Les vampires sont parmi nous – dans les romans, les films et les séries télévisées. Mais, depuis le XVIIe siècle, ces êtres assoiffés de sang ont bien changé : débarrassés de leurs aspects les plus inquiétants, ils ne sont plus forcément d’odieux criminels. Le vampire « commercial » actuel est un héros romantique, défenseur de la veuve et de l’orphelin, mais aussi le crypto-symbole de toutes les altérités visibles.
Recensé : Jean Marigny, La Fascination des vampires, Klincksieck, coll. « 50 questions », 2009.
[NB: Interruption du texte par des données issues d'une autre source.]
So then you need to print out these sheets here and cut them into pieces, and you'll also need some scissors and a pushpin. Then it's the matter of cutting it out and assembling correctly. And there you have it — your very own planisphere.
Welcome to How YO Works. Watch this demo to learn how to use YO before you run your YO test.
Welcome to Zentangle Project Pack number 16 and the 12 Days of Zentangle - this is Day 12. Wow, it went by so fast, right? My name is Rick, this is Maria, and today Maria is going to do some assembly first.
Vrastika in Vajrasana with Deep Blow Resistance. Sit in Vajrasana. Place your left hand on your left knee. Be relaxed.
Le premier volume de la Saga du désir interdit de Stephenie Meyer, plus connu sous le nom de Twilight, s’est vendu à plus de 18 millions d’exemplaires dans 37 pays, et à plus de 8,5 millions d’exemplaires simplement aux États-Unis. En 2008, l’auteure a été classée 49e dans la liste des 100 personnes les plus influentes du Time Magazine. Une adaptation cinématographique de Fascination est sortie aux États-Unis le 20 novembre 2008 et le 7 janvier 2009 en France. Dès le mois de novembre 2009 sortait un deuxième épisode, Tentation, qui a remporté un succès mondial. Les autres films du cycle débarqueront bientôt sur nos écrans. À la télévision, les séries consacrées aux vampires connaissent également un grand succès : True Blood d’Allan Ball, diffusée aux États-Unis, au Canada et en France depuis 2008, en Belgique et en Suisse depuis 2009, ou Vampire diaries, diffusée aux États-Unis depuis septembre 2009.
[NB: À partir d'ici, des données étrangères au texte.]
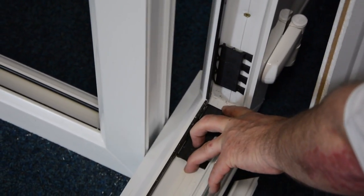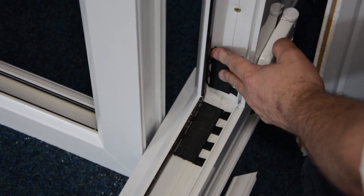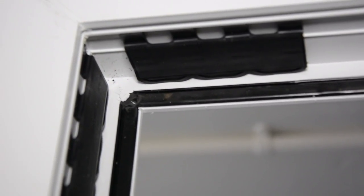From the hinge side, put the grey bridging packers in the bottom and side bottom. Also put the grey packers to the opposite side too, and the top side.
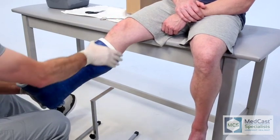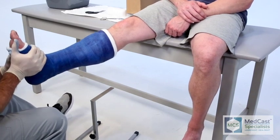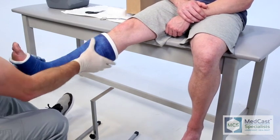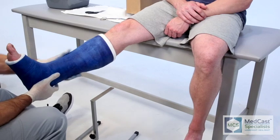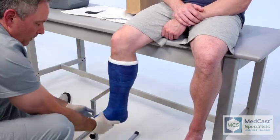Now we have a short leg cast at 90 degrees, good distance between the popliteal area and also down below the fibular head, and good toe movement without any impingement.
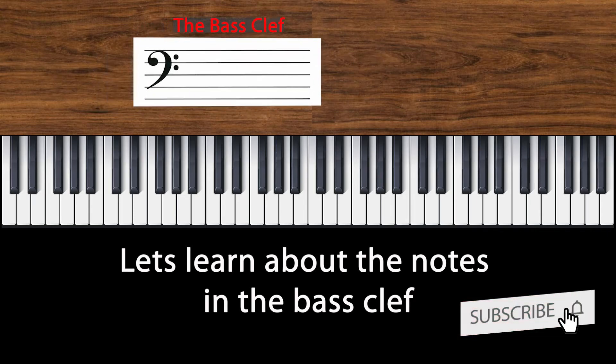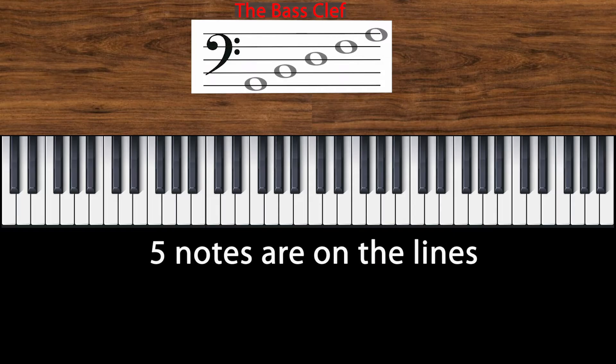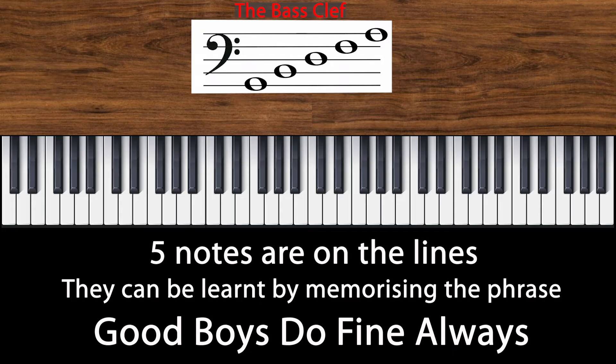Let's learn about the bass clef. There are nine notes on the bass clef. Five of them are on the lines. You can remember these notes by memorizing the phrase: Good Boys Do Fine Always.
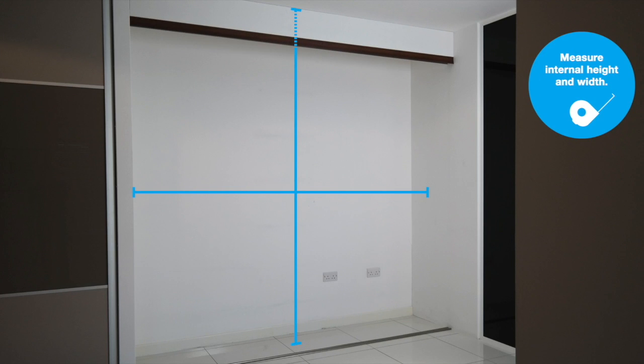It's really important to prepare your project by measuring up your space. This will ensure your storage systems fit perfectly.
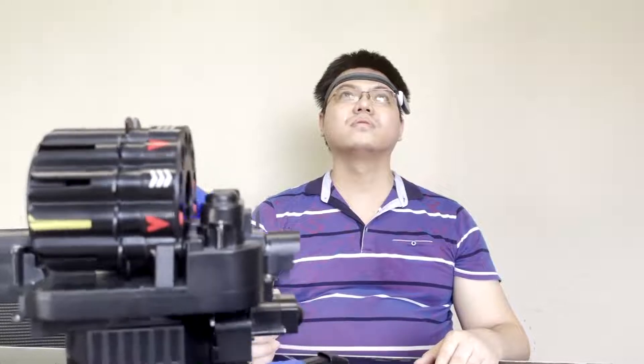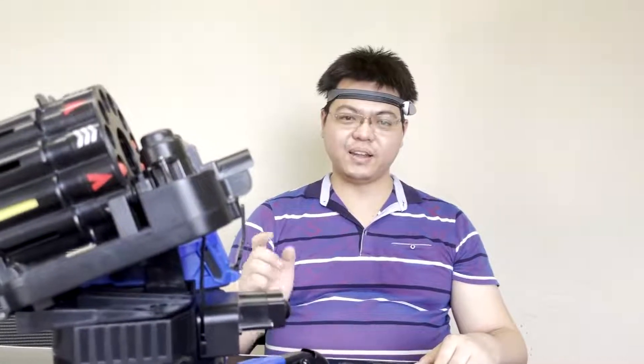When you lift up your head, the firing gun can be lifted up. When you lower down your head, then the firing gun can be lowered down.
Il y a donc une recrudescence d’intérêt médiatique pour les vampires – vieilles créatures dont l’origine se perd dans les légendes –, intérêt que l’on observe aussi chez les éditeurs, lesquels ont commandé des remix de classiques de la littérature anglaise. Certains crient déjà au sacrilège. En avril 2009, les lecteurs anglais ont ainsi pu se plonger avec délices dans Pride and Prejudice and Zombies, une relecture d’Orgueil et Préjugés de Jane Austen dans laquelle l’héroïne se transforme en tueuse de zombies. L’éditeur, Quirk Book, a réussi à vendre près de 650 000 exemplaires de cet ouvrage aux États-Unis et en Grande-Bretagne : une manne en période de crise. En France, Flammarion, qui a proposé une traduction d’Orgueil & Préjugés et zombies (parue fin octobre 2009), espère un succès semblable. L’auteur de ce coup éditorial, Seth Grahame-Smith, est désormais à l’ouvrage sur une nouvelle variante : cette fois, une biographie d’Abraham Lincoln en chasseur de vampires (pour l’éditeur Grand Central).
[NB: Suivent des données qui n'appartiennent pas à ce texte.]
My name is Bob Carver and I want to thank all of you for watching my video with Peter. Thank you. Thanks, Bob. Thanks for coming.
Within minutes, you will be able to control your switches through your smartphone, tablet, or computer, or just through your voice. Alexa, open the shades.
Les vampires : un vieux mythe
Cette effervescence autour du « patrimoine fantastique » et, en particulier, autour des vampires a intrigué le chercheur Jean Marigny, professeur émérite de l’université Stendhal à Grenoble, spécialiste de littérature anglo-américaine et fondateur d’un groupe de recherches sur le fantastique. Il vient de publier, chez Klincksieck, un essai intitulé La Fascination des vampires. Les questions qu’il pose sont très stimulantes : pourquoi les vampires sont-ils devenus omniprésents dans notre culture médiatique ? Pourquoi séduisent-ils un public croissant et divers ? Qu’est-ce que cette fascination révèle de notre mythologie moderne ? Comme le dit très bien Jean Marigny, « le fait que les vampires restent aujourd’hui sous le feu de l’actualité et qu’ils soient en quelque sorte indémodables pose en lui-même une foule de questions ».
Plusieurs faits sont en effet frappants. Jean Marigny rappelle que les vampires sont d’abord des créatures de légende nées en Europe centrale et orientale. Or c’est aux États-Unis et dans les sociétés occidentales qu’ils ont aujourd’hui le plus de succès (ajoutons que 80 % de la littérature vampiresque éditée dans le monde est aujourd’hui produite aux États-Unis). Alors qu’ils ont été condamnés par les élites éclairées européennes au nom de la raison et de la chasse aux superstitions, ils s’épanouissent dans une société pragmatique et utilitariste. À l’origine, les vampires sont des créatures légendaires qui présentent plusieurs particularités : ce sont des morts-vivants qui ont besoin de boire du sang pour survivre. Ils se distinguent donc des démons (qui n’ont jamais été mortels) et des fantômes qui sont des esprits éthérés. Ils se distinguent aussi des zombies, morts-vivants issus des croyances vaudoues, en général assez inoffensifs et dociles. Le vampire est le seul prédateur qui ne se nourrisse que de sang sans pour autant dévorer ses victimes, contrairement aux loups-garous ou aux ogres. Cette croyance était à l’origine répandue dans les Balkans, en Bohême, dans les Sudètes, et elle a été modifiée par le christianisme. De fait, le vampire est totalement compatible avec les principes du christianisme : il correspond à l’idée d’un dualisme entre une âme immortelle et un corps qui entre en décrépitude. Il considère le sang comme un principal vital, tout comme l’Église le fait avec l’Eucharistie. Enfin, il peut être vaincu par les symboles de la foi : crucifix, hostie, eau bénite, etc.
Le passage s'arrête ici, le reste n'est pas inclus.